→ **The task**:
What lines of the data below hold the string "with"? Copy each one out.

[Short web captions]
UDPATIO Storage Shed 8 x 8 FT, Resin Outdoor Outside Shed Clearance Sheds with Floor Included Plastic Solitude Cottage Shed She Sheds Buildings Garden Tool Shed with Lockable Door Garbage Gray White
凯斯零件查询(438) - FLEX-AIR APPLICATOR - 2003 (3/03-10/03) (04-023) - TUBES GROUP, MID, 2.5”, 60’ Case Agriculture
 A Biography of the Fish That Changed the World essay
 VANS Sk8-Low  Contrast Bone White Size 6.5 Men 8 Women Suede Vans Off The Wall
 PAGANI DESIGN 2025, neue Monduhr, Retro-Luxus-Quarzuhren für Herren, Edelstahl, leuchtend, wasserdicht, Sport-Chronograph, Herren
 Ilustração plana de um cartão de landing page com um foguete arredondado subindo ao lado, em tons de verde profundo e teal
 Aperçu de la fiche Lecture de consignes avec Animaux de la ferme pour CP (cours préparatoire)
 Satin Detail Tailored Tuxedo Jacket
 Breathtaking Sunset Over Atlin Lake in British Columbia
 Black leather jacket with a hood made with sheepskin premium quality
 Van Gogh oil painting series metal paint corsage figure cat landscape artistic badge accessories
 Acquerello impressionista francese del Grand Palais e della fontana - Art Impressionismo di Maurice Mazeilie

→ **Answer to the exercise**:
UDPATIO Storage Shed 8 x 8 FT, Resin Outdoor Outside Shed Clearance Sheds with Floor Included Plastic Solitude Cottage Shed She Sheds Buildings Garden Tool Shed with Lockable Door Garbage Gray White
 Black leather jacket with a hood made with sheepskin premium quality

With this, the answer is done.